As has been the case in the previous few weeks, the heavy grades appeared to be under more pressure than their lighter counterparts because demand for the high-viscosity cuts tends to decline during the colder months of the year in some parts of Asia.

An economic slowdown in several countries has affected consumer spending, and this has impacted may products including lubricants, particularly in key markets such as China. The ongoing trade war between the U.S. and China appeared close to a reprieve, as Chinese and American trade negotiators announced a framework of a deal on tariffs, with China likely to delay export controls on rare earth minerals for a year. U.S. President Trump had threatened to impose an additional 100% tariff on Chinese imports on Nov. 1 when China tightened its control over rare earth exports.
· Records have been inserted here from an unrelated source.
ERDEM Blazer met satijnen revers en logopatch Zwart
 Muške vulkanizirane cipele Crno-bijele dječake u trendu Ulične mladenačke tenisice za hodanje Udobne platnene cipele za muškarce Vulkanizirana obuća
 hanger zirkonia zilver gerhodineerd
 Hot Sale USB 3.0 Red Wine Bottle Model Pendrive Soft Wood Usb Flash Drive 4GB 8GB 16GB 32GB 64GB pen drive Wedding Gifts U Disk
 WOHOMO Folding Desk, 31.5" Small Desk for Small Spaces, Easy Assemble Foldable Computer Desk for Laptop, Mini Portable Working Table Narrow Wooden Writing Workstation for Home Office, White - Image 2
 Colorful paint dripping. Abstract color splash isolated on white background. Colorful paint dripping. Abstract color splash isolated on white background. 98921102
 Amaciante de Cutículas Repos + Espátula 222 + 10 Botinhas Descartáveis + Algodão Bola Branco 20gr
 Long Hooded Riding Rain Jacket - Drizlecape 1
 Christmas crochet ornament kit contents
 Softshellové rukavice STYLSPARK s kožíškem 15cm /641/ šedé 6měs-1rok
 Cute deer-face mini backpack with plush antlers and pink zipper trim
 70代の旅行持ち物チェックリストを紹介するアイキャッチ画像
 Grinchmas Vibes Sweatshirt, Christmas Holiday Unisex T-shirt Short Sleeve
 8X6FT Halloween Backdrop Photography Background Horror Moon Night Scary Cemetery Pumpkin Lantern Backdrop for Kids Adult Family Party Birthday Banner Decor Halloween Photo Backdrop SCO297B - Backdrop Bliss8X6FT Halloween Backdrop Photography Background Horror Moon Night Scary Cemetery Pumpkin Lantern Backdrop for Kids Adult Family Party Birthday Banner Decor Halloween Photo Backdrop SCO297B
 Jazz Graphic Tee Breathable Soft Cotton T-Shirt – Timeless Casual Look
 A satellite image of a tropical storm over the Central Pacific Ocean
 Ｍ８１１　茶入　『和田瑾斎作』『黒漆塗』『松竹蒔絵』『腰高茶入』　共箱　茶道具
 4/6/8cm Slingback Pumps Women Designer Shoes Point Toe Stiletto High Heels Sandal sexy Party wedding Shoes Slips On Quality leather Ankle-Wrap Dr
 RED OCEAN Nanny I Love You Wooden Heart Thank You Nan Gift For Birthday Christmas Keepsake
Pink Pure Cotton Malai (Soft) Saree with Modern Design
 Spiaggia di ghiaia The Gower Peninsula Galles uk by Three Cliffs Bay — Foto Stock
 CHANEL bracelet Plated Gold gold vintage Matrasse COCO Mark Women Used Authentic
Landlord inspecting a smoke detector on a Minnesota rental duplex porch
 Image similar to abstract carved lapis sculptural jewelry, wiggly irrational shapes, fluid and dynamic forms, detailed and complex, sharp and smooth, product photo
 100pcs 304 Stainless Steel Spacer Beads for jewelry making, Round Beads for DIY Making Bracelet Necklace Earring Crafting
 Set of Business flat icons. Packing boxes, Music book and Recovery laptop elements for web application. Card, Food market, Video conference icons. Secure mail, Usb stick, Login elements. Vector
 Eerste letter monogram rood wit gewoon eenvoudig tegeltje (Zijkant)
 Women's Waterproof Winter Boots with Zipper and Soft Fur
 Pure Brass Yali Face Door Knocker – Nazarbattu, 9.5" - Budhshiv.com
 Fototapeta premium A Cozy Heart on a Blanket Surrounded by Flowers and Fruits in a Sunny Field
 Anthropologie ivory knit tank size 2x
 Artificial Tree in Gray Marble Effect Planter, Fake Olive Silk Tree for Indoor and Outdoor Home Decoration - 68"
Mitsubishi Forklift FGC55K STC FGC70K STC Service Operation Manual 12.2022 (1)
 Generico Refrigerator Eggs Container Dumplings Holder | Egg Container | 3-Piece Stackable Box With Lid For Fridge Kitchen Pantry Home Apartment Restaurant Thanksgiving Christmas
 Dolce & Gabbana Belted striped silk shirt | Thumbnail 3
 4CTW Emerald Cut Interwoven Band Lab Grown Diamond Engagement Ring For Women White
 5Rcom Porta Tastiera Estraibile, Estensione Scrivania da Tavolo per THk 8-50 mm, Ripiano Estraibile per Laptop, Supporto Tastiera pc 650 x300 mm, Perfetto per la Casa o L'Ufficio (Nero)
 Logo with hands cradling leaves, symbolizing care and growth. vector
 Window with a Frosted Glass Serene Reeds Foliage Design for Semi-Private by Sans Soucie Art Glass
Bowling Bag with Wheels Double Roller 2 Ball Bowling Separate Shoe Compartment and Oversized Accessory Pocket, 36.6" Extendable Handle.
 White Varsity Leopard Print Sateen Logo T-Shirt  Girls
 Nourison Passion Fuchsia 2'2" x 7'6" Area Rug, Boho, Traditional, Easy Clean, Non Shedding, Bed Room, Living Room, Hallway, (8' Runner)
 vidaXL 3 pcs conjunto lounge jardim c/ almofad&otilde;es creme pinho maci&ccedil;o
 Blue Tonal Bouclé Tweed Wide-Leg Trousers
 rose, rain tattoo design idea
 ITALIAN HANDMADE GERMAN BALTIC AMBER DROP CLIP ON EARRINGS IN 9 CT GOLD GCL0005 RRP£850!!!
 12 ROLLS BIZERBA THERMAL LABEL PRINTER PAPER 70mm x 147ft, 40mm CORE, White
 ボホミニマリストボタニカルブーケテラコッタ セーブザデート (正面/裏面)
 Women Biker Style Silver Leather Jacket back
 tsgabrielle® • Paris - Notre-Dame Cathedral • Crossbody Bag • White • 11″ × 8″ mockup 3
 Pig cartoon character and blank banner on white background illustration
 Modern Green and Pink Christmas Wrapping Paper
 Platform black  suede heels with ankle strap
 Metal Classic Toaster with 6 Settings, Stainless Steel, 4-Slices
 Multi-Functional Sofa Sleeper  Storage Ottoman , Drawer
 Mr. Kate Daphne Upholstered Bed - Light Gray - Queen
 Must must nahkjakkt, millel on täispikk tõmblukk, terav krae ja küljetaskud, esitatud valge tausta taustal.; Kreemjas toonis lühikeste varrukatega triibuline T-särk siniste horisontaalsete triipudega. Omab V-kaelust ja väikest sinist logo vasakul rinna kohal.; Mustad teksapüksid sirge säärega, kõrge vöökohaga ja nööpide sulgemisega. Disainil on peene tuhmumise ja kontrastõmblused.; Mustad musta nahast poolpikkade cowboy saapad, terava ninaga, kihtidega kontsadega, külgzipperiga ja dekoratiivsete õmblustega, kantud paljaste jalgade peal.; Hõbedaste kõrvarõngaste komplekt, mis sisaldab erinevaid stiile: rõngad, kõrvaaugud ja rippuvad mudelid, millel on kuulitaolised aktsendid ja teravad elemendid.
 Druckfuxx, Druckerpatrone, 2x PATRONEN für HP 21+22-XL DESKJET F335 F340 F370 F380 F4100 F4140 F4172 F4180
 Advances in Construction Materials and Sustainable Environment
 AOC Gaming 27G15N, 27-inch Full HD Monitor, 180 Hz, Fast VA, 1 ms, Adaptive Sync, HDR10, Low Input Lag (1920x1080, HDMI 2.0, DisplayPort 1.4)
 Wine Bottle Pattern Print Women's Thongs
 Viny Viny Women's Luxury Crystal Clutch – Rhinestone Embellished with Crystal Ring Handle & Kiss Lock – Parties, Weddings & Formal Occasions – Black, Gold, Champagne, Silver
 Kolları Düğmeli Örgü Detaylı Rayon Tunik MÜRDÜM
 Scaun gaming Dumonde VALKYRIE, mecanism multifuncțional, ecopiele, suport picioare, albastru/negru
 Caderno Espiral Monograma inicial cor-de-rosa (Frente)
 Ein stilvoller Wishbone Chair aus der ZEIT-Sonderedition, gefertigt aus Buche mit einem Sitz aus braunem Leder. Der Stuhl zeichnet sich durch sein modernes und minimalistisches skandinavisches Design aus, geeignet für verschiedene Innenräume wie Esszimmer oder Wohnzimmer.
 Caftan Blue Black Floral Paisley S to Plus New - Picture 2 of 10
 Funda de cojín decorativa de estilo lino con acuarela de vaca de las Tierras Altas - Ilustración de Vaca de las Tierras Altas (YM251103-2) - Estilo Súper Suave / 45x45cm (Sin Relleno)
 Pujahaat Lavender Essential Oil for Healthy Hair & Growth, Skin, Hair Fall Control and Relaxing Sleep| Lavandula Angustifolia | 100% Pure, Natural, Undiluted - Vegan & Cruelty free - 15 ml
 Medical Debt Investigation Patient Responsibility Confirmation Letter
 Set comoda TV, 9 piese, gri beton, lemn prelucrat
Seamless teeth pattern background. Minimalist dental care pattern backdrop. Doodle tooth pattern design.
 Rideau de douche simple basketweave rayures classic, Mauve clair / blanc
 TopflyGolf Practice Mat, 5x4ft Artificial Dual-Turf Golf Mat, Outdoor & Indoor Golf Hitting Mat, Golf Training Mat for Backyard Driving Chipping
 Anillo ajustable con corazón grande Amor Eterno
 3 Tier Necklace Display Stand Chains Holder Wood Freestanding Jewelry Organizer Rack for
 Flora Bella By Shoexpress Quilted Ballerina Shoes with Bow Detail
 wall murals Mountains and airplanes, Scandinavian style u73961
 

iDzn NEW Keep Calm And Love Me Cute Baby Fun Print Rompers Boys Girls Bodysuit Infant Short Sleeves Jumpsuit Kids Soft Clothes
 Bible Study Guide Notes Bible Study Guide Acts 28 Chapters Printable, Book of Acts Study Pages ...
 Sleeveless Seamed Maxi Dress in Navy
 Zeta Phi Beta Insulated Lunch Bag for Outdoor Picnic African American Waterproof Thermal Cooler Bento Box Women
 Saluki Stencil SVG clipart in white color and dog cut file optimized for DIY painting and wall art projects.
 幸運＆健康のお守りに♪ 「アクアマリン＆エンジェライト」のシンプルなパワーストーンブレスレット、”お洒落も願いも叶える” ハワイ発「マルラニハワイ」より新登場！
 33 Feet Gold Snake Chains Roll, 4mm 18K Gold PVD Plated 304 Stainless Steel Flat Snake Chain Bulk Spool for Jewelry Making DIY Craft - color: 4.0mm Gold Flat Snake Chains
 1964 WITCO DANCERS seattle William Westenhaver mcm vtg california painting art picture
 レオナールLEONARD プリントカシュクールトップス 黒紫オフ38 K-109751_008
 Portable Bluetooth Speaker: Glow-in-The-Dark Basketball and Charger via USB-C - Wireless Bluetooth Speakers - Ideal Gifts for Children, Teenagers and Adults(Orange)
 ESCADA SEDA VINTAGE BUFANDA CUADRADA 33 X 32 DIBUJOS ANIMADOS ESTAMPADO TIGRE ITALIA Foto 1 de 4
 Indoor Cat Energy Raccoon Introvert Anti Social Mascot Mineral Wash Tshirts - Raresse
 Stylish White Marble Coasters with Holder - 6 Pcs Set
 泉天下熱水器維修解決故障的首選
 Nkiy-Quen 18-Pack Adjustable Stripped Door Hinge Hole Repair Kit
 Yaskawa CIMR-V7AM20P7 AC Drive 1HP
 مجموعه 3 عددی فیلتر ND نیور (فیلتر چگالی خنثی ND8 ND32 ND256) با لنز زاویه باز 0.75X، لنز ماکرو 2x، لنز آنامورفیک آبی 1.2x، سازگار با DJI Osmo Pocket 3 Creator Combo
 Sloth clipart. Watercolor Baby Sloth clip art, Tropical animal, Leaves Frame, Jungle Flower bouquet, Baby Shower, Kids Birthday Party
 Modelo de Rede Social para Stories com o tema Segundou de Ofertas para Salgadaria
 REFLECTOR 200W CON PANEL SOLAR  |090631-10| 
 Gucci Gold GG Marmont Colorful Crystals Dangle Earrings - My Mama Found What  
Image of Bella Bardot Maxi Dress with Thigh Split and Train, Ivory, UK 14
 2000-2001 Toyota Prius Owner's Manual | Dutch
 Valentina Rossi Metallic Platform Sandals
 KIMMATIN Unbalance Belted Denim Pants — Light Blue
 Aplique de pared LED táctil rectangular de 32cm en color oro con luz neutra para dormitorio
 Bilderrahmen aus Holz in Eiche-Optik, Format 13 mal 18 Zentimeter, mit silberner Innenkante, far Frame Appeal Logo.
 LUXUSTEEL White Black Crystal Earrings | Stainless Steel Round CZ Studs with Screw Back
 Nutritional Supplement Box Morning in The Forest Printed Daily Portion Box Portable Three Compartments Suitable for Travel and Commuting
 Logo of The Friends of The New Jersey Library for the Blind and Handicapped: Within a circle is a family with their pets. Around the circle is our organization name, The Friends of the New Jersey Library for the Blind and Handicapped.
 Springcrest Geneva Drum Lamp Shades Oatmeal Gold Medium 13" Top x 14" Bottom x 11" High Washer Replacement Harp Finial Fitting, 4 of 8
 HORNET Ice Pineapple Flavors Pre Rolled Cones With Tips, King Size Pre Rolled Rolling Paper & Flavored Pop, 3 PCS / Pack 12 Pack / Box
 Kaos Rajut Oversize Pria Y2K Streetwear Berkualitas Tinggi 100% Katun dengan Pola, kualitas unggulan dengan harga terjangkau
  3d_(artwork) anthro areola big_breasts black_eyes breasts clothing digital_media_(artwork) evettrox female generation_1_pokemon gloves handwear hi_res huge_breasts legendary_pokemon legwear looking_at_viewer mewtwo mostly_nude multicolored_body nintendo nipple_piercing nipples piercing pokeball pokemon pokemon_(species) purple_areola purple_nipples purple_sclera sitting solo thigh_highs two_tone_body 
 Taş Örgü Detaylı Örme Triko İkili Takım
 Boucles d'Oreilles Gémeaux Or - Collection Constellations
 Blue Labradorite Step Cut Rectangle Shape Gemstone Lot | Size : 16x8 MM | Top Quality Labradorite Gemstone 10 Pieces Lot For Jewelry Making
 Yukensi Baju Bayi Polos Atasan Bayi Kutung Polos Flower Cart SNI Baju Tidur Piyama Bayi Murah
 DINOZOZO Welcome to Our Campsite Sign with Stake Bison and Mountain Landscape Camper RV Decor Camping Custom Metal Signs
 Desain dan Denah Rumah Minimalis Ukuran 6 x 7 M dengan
Trump was expected to meet China’s president Xi Jinping this week on the sidelines of the Asia-Pacific Economic Cooperation summit in South Korea to continue trade discussions. Trump has also planned a tour of several Asian countries to discuss trade and shore up influence in the region. America’s commitments to its allies and partners have been called into question, given that recent policies have bred resentment over tariffs and uncertainty over the future of U.S. troops in Asia. “Unlike the Cold War, the battlegrounds for power and influence are centered not only on troops and warships, but also on supply chains, ports and data centers,” The New York Times reported about Trump’s trip to Asia.

Group I
The Group I segment showed a tighter supply and demand ratio for the light grades, with the heavy-viscosity cuts displaying some length due to seasonal patterns and hefty production levels. Bright stock had avoided downward price adjustments for most of the year, but even this grade succumbed to downward pressure because of mounting supplies. Availability of competitively-priced Group II heavy grades was weighing on Group I SN500 indications as well.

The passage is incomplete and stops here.